## WORKING DATA
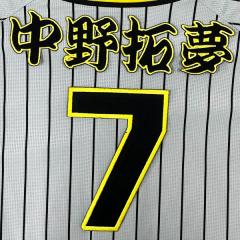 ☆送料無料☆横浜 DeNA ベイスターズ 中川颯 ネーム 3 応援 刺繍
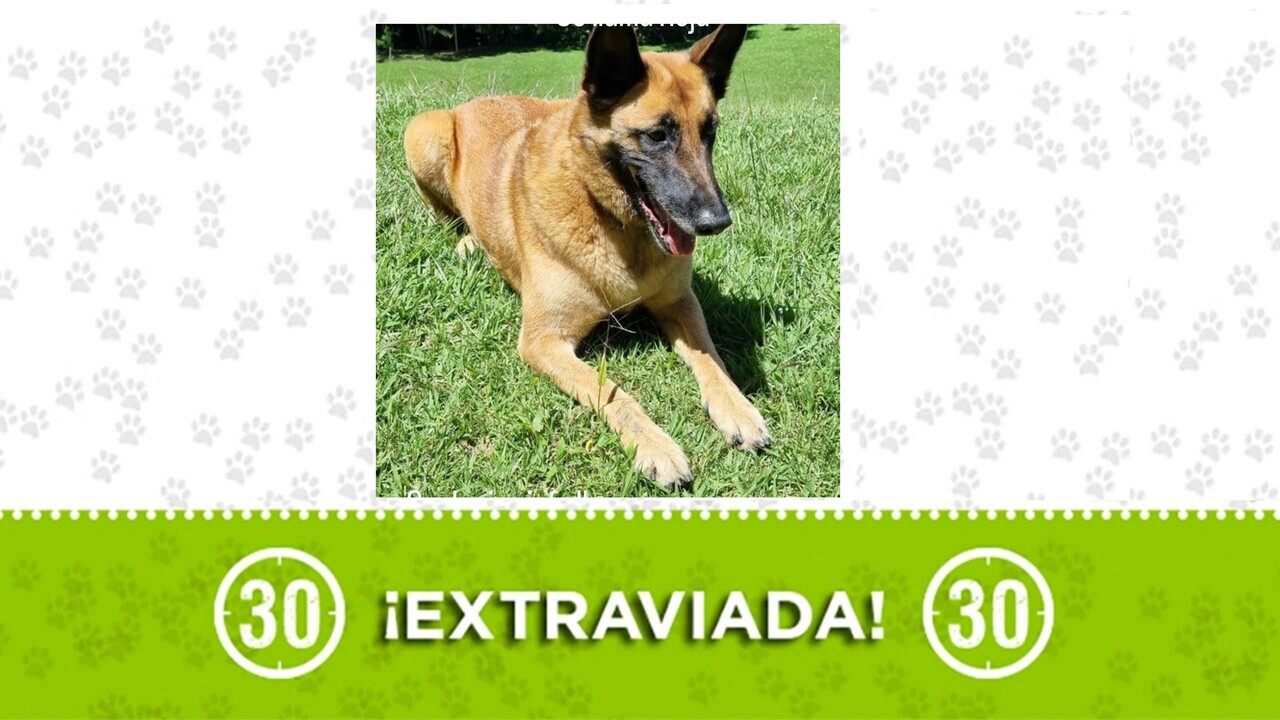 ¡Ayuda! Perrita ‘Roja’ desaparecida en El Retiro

==

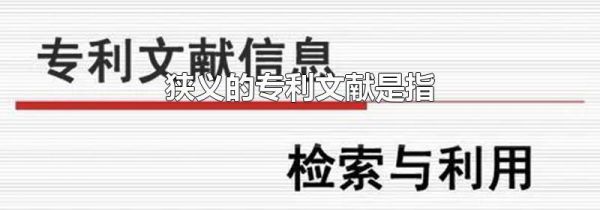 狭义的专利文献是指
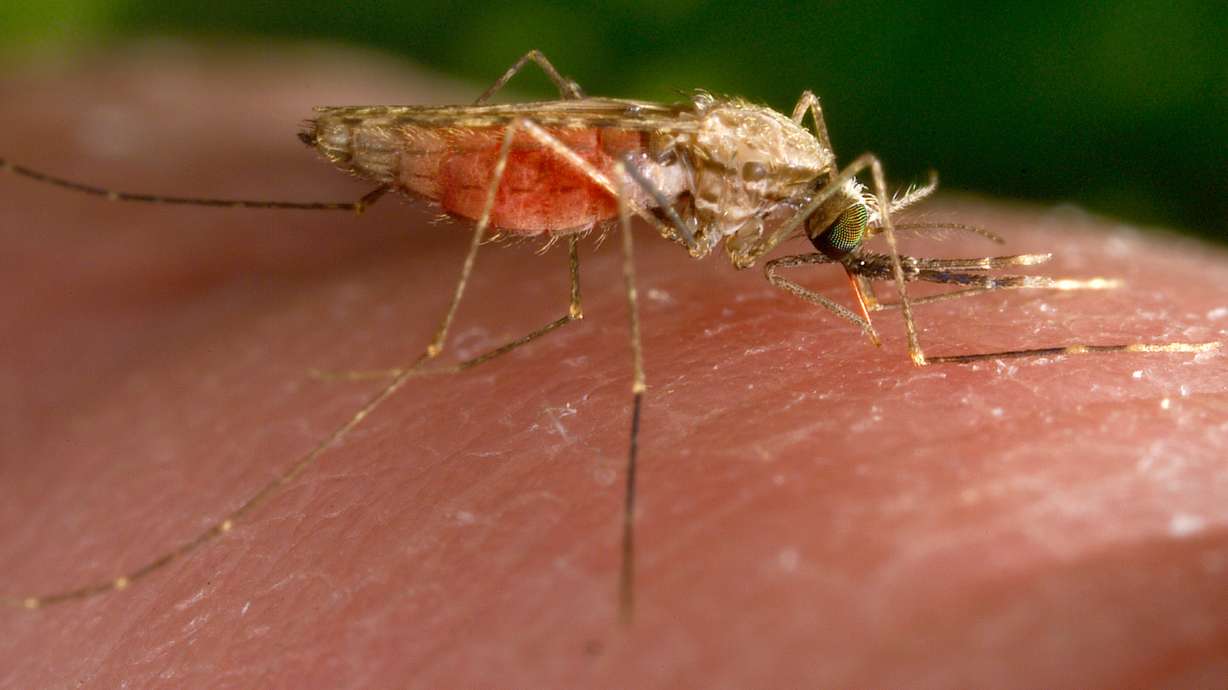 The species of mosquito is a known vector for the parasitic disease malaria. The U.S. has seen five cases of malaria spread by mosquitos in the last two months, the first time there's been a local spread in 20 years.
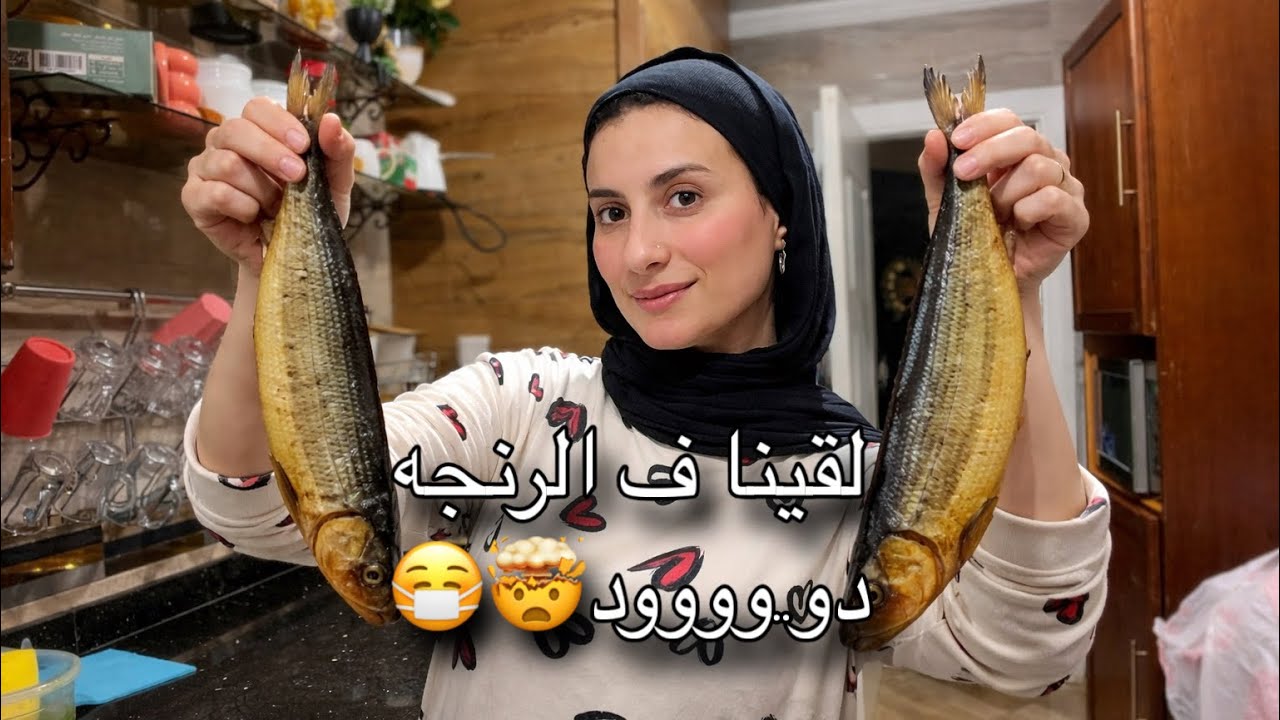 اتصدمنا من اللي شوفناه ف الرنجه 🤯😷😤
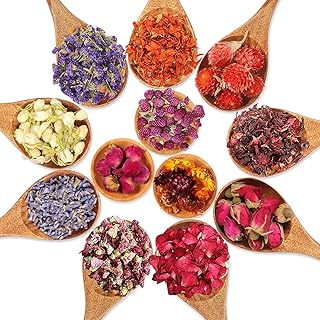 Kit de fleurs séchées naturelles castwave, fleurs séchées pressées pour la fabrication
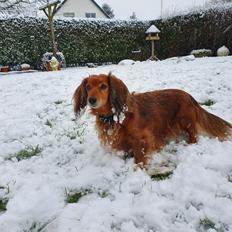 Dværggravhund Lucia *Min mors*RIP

---

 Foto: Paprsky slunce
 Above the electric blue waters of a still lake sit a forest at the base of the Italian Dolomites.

## AIM OF THE TASK
Return exactly, and only, the lines above starting at the line that contains "Foto: Paprsky slunce" and ending at the line that contains "Above the electric".

## COMPLETED TASK
 Foto: Paprsky slunce
 Above the electric blue waters of a still lake sit a forest at the base of the Italian Dolomites.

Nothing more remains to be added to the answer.